Orosco married Diehl in 2008. Diehl conceived a child in late 2012, and

M.A.R. was born in 2013. At the time of conception, Diehl and Orosco had been

separated for several years with Orosco living out of state; yet, neither one had filed

for divorce. During one of Orosco’s trips to Florida to visit with Diehl’s older child,

he and Diehl engaged in sexual intercourse. At that time, Diehl was also in a casual,

sexual relationship with Rodriguez, and Rodriguez was unaware of Diehl’s “one-

night stand” with Orosco. Once she determined she was pregnant, Diehl informed

Rodriguez he was the father of the child. Diehl told Orosco that he was not the

father, and he believed her because he and Diehl had engaged in unprotected sex

during the course of their marriage without conceiving a child.
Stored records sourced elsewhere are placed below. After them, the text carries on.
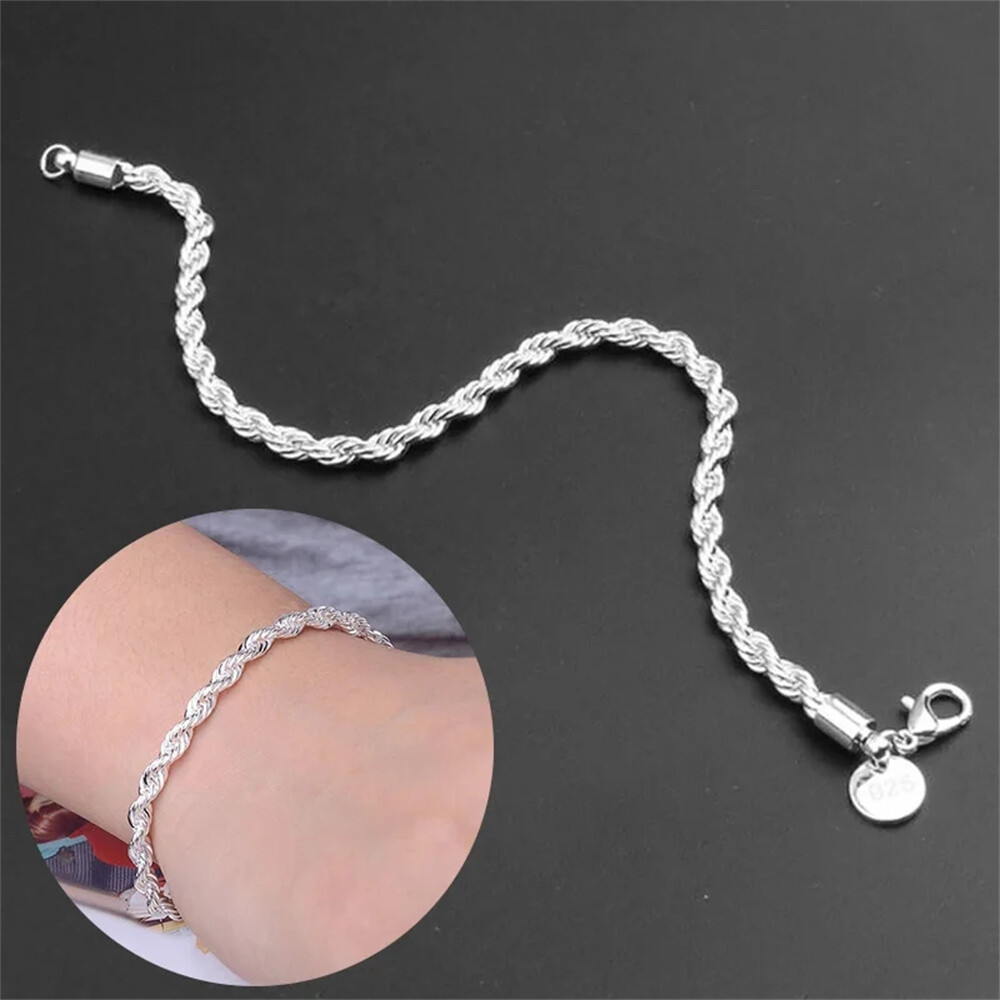 VVV☆[SILVER 925] RIBBON CHAIN STRAP BRACELET 925 Sterling Silver Twisted Rope Bracelet 3mm Thick Chain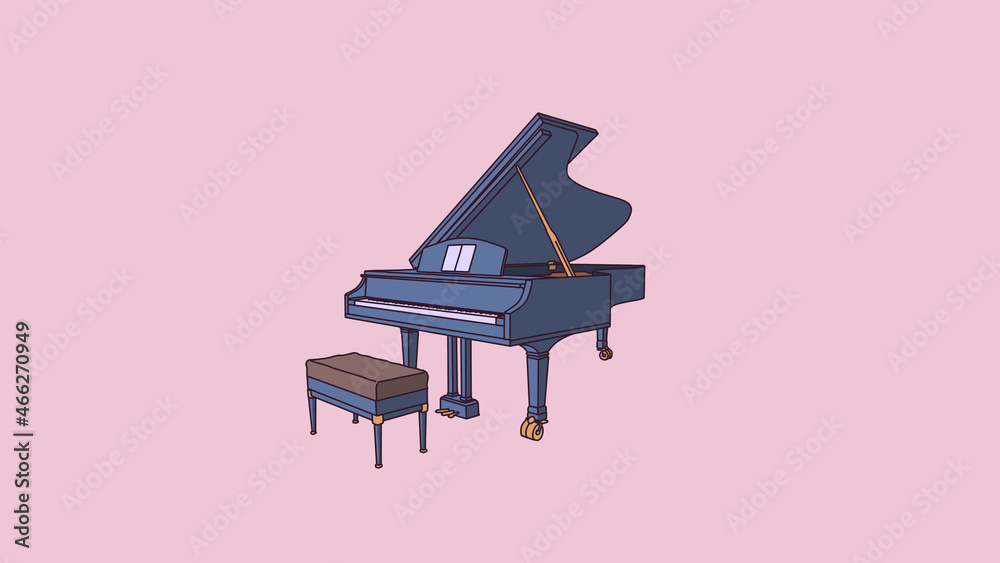 Piano Aesthetic Lofi Background Music Stock Illustration | Adobe Stock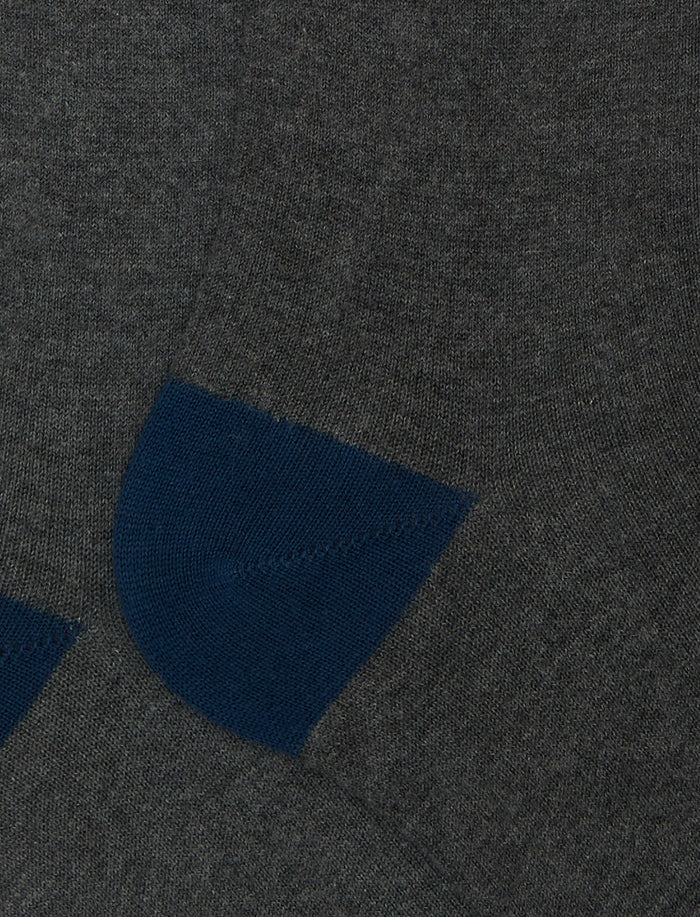 Calze lunghe uomo cotone e cashmere sasso tinta unita e contrasti - Gallo 1927 - Official Online Shop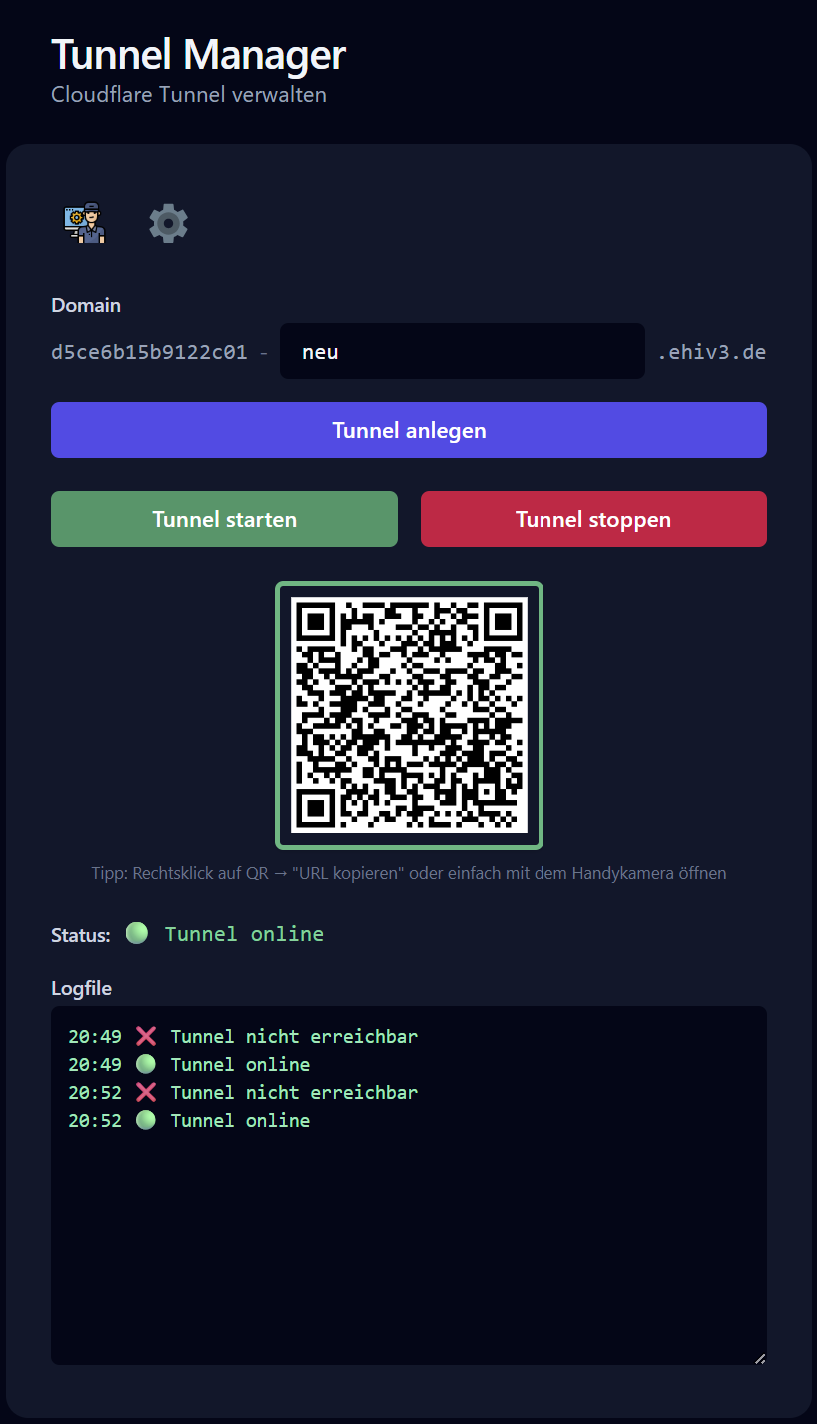 Tunnel Manager – Dashboard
Orosco also believed

he was divorced from Diehl as he executed “divorce papers” upon her request and

delivered them to her sometime prior to 2013, but he was unaware Diehl did not

initiate divorce proceedings. Rodriguez mistakenly believed that Diehl and Orosco

were divorced as well. At the time of birth, Rodriguez signed M.A.R.’s birth

certificate and acknowledged paternity. Diehl indicated on the birth certificate

application that she was a single woman even though she was still married to Orosco.

At some point, the relationship between Diehl and Rodriguez broke down,

and Rodriguez filed a Petition to Determine Paternity on or about August 22, 2018.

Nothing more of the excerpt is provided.